A typical compost mix will work fine, and you can source what is available in your area. Mine is made from a mix of composted manure, rotten hay and straw bales, and some decomposed hardwood tree mulch, all mixed with a local sand to lighten it up. (Most of our local soils are clay based.)  

Apply this compost to the bed top, 1 to 3 inches thick depending on budget and how much you want to loosen and improve your soil. Then power harrow this into the top 3 inches of the soil. 

Essentially, you are enriching the top of the garden bed to form a new garden top soil.  In science terms, this is your “A horizon.” The A horizon of most soil is higher in organic matter, with a darker, richer and more crumbly soil color and texture. 

This makes soil more stable against erosion and compaction. It also provides overall better soil-to-seed contact in those top inches for best germination of fine seeds like carrots, arugula and lettuce.

Stage two is about building your garden beds and making a soil that is layered like a natural ecosystem.
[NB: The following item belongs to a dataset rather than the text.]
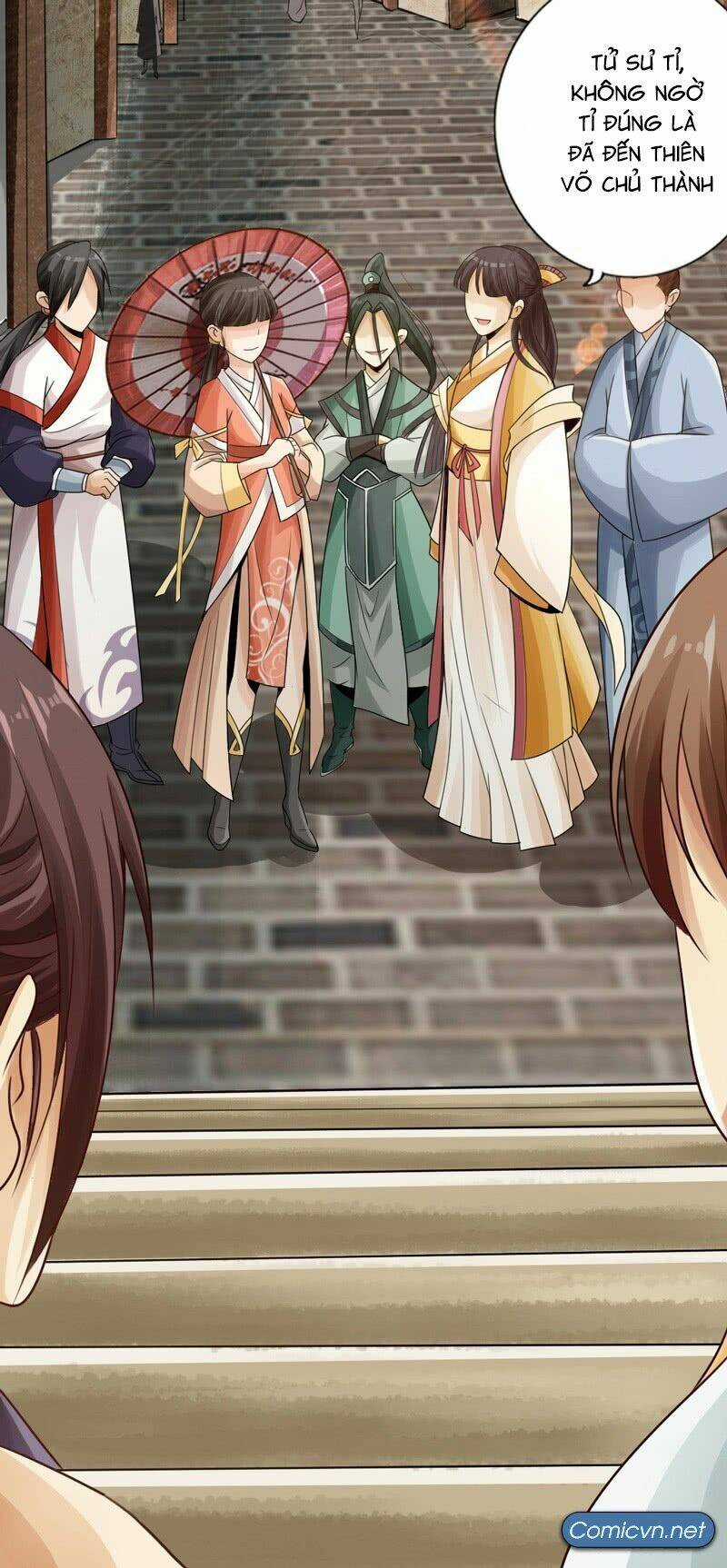 Thái Cổ Cuồng Ma Chapter 6 trang 23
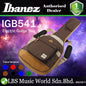 Ibanez IGB541 Powerpad Padded Canvas Gig Bag for Electric Guitar (IGB 541)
But you’ll also gain garden quality nutrient availability for years of better crop growth.

Stage Three

The final stage of garden soil fertility management mirrors the third phase of garden formation—namely, the period of continuous garden fertility management through the annual crop cycle. In this period there are three main fertility management techniques I apply.  

1. Reapply Compost

First, I reapply the compost from stage two onto the bed tops. I do this every one to three years for the first decade of gardening.  In stage three, though, I only apply 1 inch of compost. 
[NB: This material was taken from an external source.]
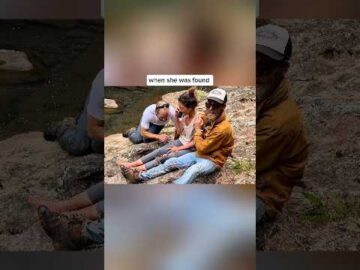 people before and after going missing 😳#scary #interesting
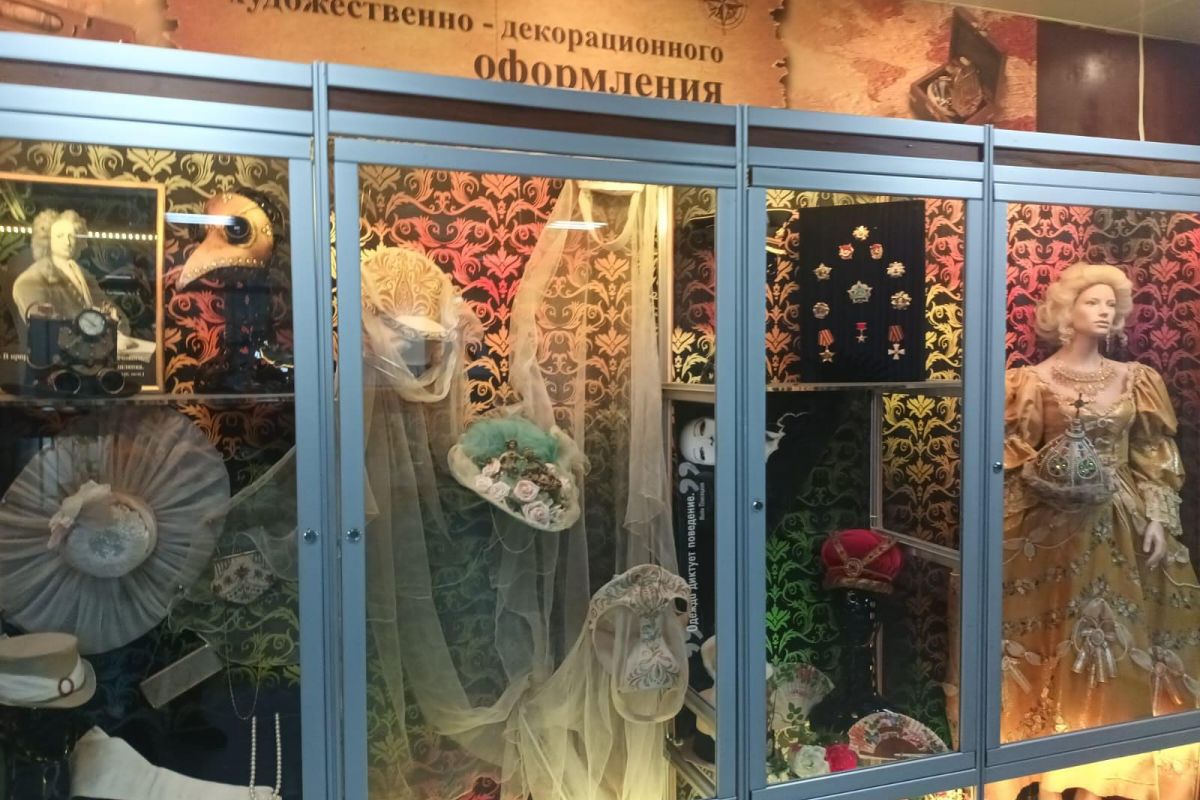 Экскурсия в телецентр Останкино для школьников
Here’s my schedule for applying compost during that decade:

  • I apply it each year for three years,
  • once again at the six-year mark
  • and again at the nine-year mark. 

At the end of this decade, you’re left with a Permabed of upmost quality. And it’s not hard—the compost spreader from my two-wheel tractor does a great job at this.
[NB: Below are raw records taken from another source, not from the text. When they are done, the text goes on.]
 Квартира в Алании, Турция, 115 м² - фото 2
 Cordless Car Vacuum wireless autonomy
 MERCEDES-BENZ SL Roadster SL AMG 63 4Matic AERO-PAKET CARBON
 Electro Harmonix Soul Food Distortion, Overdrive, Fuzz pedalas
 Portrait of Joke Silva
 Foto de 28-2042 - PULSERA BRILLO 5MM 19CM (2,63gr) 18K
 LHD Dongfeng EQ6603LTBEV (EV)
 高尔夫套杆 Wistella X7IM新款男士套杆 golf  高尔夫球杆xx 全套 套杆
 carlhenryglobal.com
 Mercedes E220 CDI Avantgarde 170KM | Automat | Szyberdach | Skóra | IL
You can also apply compost by hand with shovels and a wheel barrow, or by shoveling out of a compact tractor’s bucket.  


Read more: Here’s why you should compost—and how to get started today.


2. Plant Cover Crops

Secondly, I use cover crops to help fix, store and cycle nutrients back into the soil. Cover crops are used in rotation with the vegetables. And I select certain cover crops to help fix certain nutrients: 

  • Clovers fix nitrogen
  • Buckwheat sequesters phosphorous
  • Winter rye builds copious organic matter  

Each cover crop has its own season as well. Winter rye will overwinter and hold soil against erosion. Buckwheat germinates and grows best in summer. And clovers need a good 18 inches to establish properly. 

I grow cover crops in the beds after flail mowing the vegetables. I also grow some cover crops, like white clovers and annual rye grass, in the paths—for instance, between beds of kale and cabbage. 

3. Side-dress Heavy-feeder Crops

Thirdly, I side-dress (apply nutrients close to the roots of) heavy-feeder crops, like melons, tomatoes, peppers and broccoli. For this, I use micro-nutrient blends and soluble plant fertilizers. 

For years, I have favored blends made by Neptune’s Harvest.  Their nutrients are readily available, and different blends can achieve different results, for instance:

  • encourage root development in spring and fall for perennials
  • enhance green-leafy growth for greens and tomatoes in spring
  • enhance flowering and fruiting in summer

I apply these with a backpack sprayer calibrated to the right ratio, and I walk and spray the soil along a line of the crop row.  You can also do foliar sprays, but I like to feed the soil, as this encourages healthy soil life, too.

Side-dressing could also include granular fertilizers like blood and bone meal, kelp meal and rock minerals. You could also set up some seeders to side-dress granular nutrients. Many older Farmall tractors allow you to side-mount a fertilizer attachment.

Side-dressing gives heavy-feeding crops an extra boost to improve seasonal yield. Ultimately, side-dressing will be of greater benefit in the early years, when the soil is still finding and balance.

After a decade of following these practices in stages one, two and three, your Permabed will be in great shape.